About this task: In the data below, locate the line containing "Mustard THE LEATHER" and the line containing "Château Quilted Strappy", then retype both and everything between them exactly. Pictures are not part of the copy.
** Excerpted records follows **
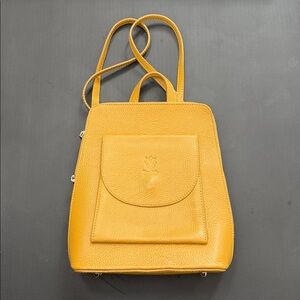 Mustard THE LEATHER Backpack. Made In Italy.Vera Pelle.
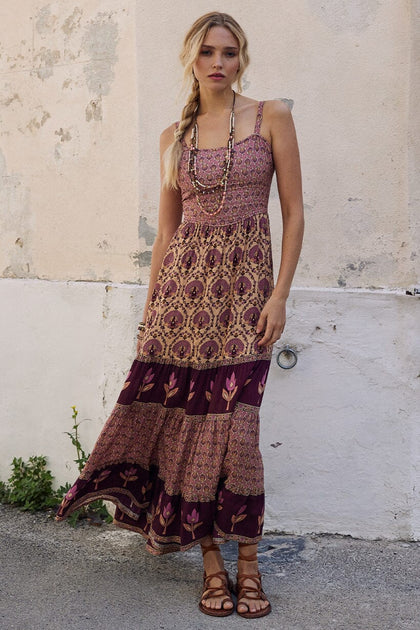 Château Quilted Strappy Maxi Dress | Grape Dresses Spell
** End of Excerpted records **
** Excerpted records follows **
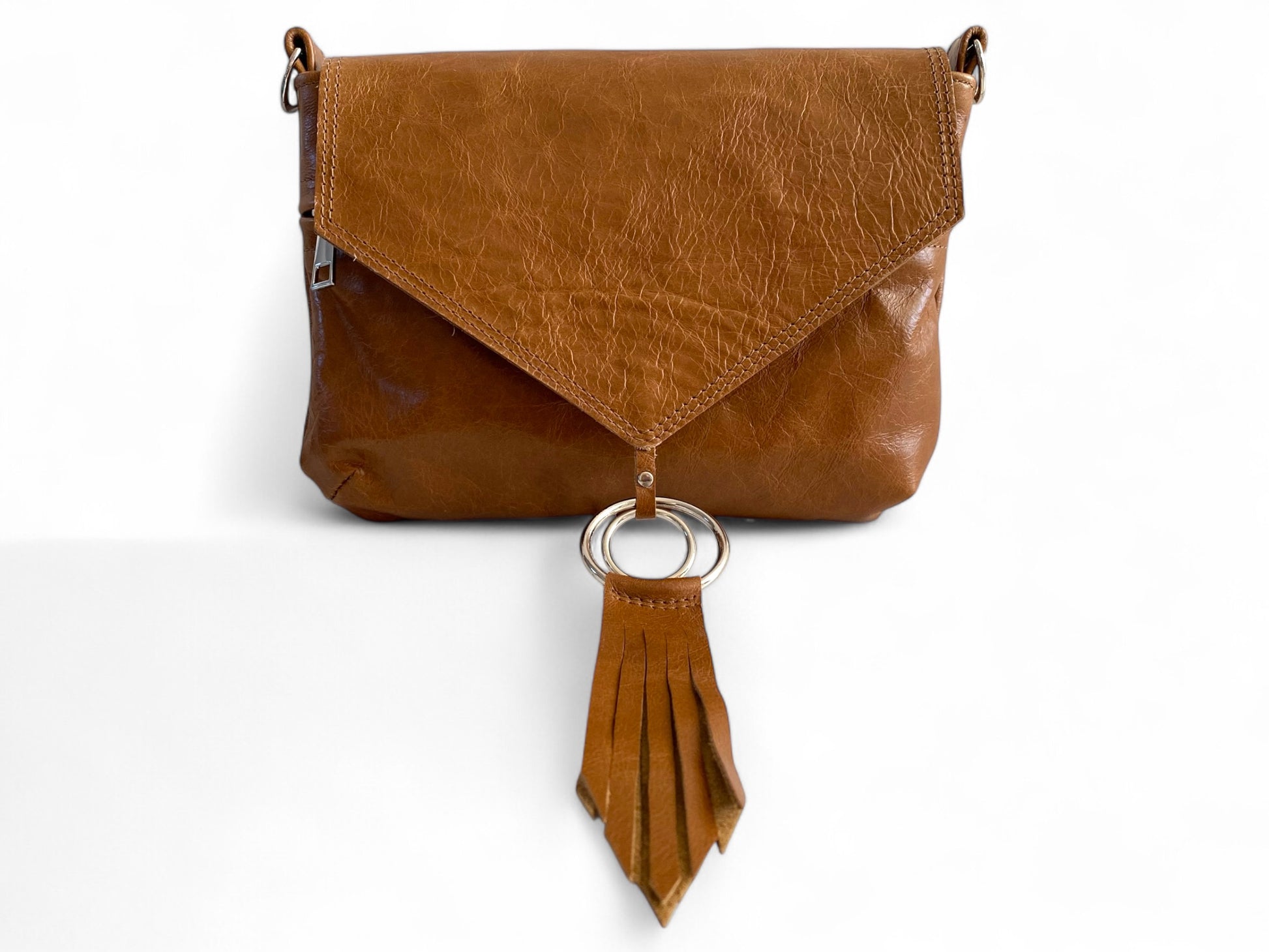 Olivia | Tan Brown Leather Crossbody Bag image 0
** End of Excerpted records **
** Excerpted records follows **
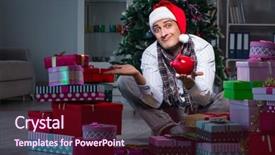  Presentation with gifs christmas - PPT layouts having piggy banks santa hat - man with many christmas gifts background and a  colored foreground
** End of Excerpted records **
Solution for this task:
 Mustard THE LEATHER Backpack. Made In Italy.Vera Pelle.
 Château Quilted Strappy Maxi Dress | Grape Dresses Spell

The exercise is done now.